When we reported earlier this year on the often-frustrating saga of finding a legislative home for the as yet unfunded National Housing Trust Fund (NHTF) created by the Housing and Economic Recovery Act of 2008, we were hopeful. Still, considering this Congress, we could have guessed that it would be an uphill battle. Now, with Congressman Ed Royce (R-Calif.) characterizing the NHTF as a “slush fund for special interest housing groups” and saying he plans to introduce a bill to eliminate it, it’s not just uphill, but a battle of priorities and principle.

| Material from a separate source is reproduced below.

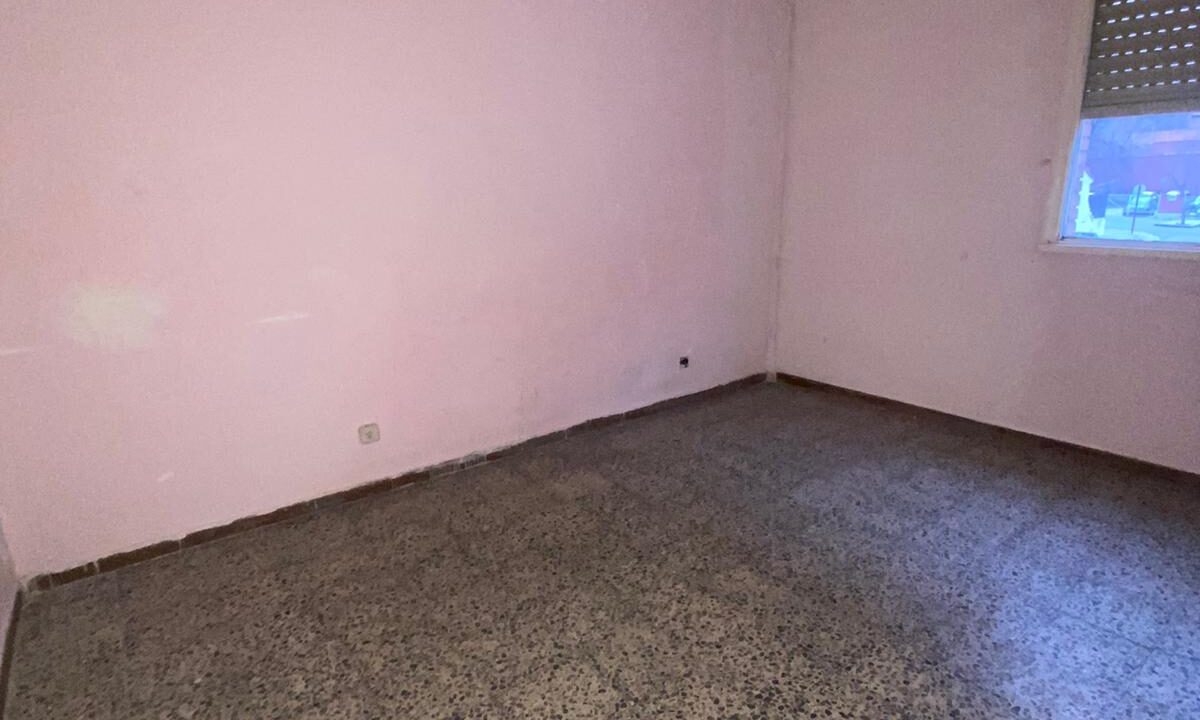 WhatsApp Image 2026-01-13 at 19.21.43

In late May, Sheila Crowley, president of the National Low Income Housing Coalition (NLIHC), testified before the House Financial Services Subcommittee on Capital Markets and Government Sponsored Enterprises (of which Royce is a member) at a hearing titled “Transparency, Transition and Taxpayer Protection: More Steps to End the GSE Bailout.” She argued that the trust fund and its goal of ending the shortage of affordable homes for the lowest-income Americans “is a proper role for government,” adding that the market “will not fill this gap.”

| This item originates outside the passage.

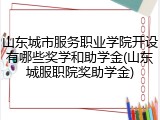 山东城市服务职业学院开设有哪些奖学和助学金(山东城服职院奖助学金)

Despite the most recent attack by the likes of Rep. Royce, NLIHC is not just playing defense. In June, Crowley described a plan to generate funding for affordable housing by reforming the mortgage interest deduction, the country’s largest housing subsidy. Speaking at the release of State of the Nation’s Housing: 2011, she argued that changing the MID to a 15 percent credit and lowering the cap from $1 million to $500,000 would not only simplify the tax code, but make available $30 billion to build affordable rental units—all while being deficit neutral. It would also dramatically increase the number of people getting a tax benefit.